== How to complete this task ==
Among the entries below, please repeat exactly and only the lines from the line containing "The Black Show, Institute" to the line containing "Boggi Milano Boggi Milano Trui olijfgroen", both lines included.

Start of Stored data

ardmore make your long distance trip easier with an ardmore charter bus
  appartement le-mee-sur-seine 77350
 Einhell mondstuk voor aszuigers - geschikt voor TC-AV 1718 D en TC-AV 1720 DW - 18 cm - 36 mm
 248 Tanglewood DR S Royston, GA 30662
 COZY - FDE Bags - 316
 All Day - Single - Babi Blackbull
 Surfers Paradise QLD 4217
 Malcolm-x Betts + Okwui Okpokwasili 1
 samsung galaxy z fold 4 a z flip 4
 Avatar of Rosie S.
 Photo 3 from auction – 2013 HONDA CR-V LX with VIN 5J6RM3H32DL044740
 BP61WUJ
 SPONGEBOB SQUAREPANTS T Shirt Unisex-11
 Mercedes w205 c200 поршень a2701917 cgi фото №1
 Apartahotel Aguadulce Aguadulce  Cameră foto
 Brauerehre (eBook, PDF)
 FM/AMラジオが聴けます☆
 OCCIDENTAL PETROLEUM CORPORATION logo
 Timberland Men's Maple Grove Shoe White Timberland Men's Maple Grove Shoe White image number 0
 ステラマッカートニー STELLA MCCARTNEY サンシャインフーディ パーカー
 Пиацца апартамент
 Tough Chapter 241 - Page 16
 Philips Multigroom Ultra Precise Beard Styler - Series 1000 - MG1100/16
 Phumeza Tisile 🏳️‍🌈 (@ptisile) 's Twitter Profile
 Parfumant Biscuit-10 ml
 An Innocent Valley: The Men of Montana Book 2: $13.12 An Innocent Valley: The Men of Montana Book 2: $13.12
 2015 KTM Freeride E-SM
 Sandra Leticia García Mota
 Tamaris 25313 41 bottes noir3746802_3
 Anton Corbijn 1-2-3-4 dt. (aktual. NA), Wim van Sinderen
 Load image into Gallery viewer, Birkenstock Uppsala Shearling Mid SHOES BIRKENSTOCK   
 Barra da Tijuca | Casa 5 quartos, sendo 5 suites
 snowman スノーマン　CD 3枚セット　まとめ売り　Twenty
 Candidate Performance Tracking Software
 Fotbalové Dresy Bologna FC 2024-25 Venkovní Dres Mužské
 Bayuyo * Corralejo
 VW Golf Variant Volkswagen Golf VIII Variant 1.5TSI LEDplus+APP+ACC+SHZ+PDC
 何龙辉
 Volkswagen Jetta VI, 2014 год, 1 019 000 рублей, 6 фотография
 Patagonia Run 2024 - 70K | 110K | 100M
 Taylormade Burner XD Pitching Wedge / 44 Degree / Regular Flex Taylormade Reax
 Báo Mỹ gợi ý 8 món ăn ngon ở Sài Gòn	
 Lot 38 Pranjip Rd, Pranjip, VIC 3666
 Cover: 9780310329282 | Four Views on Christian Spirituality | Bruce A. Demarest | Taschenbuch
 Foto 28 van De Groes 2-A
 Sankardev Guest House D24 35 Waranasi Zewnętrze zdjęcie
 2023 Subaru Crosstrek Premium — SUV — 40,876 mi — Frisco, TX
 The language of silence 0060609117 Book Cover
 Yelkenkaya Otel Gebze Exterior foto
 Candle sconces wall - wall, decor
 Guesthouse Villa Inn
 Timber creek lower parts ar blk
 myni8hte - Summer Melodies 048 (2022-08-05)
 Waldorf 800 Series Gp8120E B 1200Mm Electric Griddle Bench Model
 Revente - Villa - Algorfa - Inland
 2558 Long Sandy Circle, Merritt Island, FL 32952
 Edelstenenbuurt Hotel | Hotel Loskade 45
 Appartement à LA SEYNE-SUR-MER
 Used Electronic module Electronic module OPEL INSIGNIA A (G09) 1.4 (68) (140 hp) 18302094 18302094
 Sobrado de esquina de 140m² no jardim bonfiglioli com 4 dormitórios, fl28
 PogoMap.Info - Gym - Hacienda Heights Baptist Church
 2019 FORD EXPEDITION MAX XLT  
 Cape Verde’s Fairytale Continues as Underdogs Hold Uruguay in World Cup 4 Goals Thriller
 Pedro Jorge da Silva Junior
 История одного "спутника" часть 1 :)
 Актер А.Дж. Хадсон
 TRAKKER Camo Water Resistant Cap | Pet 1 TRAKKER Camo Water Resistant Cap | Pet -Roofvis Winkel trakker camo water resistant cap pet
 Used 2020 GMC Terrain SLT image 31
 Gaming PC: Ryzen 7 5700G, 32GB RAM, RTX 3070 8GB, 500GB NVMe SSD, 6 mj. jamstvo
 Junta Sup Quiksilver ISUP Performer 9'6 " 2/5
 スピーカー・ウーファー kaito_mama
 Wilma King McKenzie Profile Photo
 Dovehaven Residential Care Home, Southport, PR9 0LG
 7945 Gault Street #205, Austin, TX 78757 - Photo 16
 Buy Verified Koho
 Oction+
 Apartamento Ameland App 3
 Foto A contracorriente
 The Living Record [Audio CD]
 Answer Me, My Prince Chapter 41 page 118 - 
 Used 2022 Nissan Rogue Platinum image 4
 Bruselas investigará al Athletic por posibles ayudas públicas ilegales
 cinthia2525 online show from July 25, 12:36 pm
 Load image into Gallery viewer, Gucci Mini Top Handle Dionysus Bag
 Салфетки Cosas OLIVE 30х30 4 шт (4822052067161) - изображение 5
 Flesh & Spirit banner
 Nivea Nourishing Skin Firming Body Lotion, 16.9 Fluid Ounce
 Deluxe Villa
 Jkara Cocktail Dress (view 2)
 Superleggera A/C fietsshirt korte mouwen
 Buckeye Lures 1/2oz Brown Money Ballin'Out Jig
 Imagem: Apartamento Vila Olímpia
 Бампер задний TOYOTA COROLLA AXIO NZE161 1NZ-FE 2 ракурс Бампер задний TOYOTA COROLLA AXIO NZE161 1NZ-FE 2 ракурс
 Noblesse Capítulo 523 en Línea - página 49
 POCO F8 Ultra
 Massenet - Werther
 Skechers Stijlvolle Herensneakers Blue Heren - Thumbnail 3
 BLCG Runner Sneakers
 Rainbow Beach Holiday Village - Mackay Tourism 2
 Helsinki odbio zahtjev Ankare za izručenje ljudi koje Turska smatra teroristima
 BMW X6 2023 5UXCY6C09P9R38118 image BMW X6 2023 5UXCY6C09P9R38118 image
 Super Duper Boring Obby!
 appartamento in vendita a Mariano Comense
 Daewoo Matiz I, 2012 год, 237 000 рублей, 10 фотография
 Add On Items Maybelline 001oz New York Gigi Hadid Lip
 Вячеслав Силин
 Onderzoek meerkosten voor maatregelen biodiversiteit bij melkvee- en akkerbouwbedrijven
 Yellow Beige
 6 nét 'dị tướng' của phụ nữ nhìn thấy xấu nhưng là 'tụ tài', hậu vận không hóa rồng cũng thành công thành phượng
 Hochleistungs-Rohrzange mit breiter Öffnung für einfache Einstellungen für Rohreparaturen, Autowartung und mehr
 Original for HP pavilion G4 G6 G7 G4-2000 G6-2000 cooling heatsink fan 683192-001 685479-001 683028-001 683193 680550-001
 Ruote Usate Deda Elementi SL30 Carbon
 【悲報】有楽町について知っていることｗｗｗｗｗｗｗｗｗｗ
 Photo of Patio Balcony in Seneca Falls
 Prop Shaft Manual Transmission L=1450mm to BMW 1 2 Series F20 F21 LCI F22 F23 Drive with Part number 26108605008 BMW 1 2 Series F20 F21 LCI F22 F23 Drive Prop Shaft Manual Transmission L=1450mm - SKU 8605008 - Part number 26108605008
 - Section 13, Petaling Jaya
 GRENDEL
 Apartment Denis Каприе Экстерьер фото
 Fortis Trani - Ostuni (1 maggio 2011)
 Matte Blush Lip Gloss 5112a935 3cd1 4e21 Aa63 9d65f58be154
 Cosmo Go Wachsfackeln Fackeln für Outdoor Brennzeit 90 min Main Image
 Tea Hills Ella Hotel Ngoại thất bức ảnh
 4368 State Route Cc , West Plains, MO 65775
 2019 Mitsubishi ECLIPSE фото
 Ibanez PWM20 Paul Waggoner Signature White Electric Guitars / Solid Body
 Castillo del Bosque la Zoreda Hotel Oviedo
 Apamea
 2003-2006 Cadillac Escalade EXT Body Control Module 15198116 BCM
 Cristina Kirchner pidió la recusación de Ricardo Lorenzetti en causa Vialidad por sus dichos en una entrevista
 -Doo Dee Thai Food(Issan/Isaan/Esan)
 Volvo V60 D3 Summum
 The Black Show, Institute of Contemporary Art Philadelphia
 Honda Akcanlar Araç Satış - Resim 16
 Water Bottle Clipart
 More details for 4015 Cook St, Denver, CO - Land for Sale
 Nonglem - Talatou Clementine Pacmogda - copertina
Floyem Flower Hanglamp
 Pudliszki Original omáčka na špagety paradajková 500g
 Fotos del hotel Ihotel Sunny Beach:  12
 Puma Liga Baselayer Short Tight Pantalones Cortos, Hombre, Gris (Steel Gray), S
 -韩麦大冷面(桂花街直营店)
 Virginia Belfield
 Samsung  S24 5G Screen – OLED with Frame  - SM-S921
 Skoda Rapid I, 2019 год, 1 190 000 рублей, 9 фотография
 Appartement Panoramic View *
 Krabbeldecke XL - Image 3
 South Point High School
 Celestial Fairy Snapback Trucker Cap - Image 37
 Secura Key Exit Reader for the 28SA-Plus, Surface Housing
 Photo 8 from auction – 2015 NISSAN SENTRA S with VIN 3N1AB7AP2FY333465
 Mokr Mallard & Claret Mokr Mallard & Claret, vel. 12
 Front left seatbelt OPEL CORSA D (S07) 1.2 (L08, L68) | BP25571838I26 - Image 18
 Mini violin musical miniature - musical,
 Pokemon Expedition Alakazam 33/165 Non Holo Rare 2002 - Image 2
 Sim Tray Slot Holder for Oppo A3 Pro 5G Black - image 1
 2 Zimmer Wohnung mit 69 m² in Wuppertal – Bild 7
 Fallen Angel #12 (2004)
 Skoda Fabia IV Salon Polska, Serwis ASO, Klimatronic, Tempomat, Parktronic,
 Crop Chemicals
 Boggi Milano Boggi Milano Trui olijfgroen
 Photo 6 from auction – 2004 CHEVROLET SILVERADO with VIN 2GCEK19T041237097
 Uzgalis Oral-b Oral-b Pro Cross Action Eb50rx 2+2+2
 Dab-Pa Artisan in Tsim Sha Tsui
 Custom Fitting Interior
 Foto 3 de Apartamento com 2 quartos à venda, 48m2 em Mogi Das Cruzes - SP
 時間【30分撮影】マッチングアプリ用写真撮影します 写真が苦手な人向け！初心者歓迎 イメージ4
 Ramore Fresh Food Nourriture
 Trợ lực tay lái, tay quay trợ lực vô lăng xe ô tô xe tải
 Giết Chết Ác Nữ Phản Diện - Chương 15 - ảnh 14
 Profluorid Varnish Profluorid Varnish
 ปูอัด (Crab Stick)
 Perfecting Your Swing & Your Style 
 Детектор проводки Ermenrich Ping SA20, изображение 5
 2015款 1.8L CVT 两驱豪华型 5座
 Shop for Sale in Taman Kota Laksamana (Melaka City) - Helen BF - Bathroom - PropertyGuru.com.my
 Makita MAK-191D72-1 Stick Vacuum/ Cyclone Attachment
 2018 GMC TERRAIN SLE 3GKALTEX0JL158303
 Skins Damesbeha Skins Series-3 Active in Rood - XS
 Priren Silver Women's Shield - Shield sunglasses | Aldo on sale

End of Stored data

== Solution to this task ==
 The Black Show, Institute of Contemporary Art Philadelphia
 Honda Akcanlar Araç Satış - Resim 16
 Water Bottle Clipart
 More details for 4015 Cook St, Denver, CO - Land for Sale
 Nonglem - Talatou Clementine Pacmogda - copertina
Floyem Flower Hanglamp
 Pudliszki Original omáčka na špagety paradajková 500g
 Fotos del hotel Ihotel Sunny Beach:  12
 Puma Liga Baselayer Short Tight Pantalones Cortos, Hombre, Gris (Steel Gray), S
 -韩麦大冷面(桂花街直营店)
 Virginia Belfield
 Samsung  S24 5G Screen – OLED with Frame  - SM-S921
 Skoda Rapid I, 2019 год, 1 190 000 рублей, 9 фотография
 Appartement Panoramic View *
 Krabbeldecke XL - Image 3
 South Point High School
 Celestial Fairy Snapback Trucker Cap - Image 37
 Secura Key Exit Reader for the 28SA-Plus, Surface Housing
 Photo 8 from auction – 2015 NISSAN SENTRA S with VIN 3N1AB7AP2FY333465
 Mokr Mallard & Claret Mokr Mallard & Claret, vel. 12
 Front left seatbelt OPEL CORSA D (S07) 1.2 (L08, L68) | BP25571838I26 - Image 18
 Mini violin musical miniature - musical,
 Pokemon Expedition Alakazam 33/165 Non Holo Rare 2002 - Image 2
 Sim Tray Slot Holder for Oppo A3 Pro 5G Black - image 1
 2 Zimmer Wohnung mit 69 m² in Wuppertal – Bild 7
 Fallen Angel #12 (2004)
 Skoda Fabia IV Salon Polska, Serwis ASO, Klimatronic, Tempomat, Parktronic,
 Crop Chemicals
 Boggi Milano Boggi Milano Trui olijfgroen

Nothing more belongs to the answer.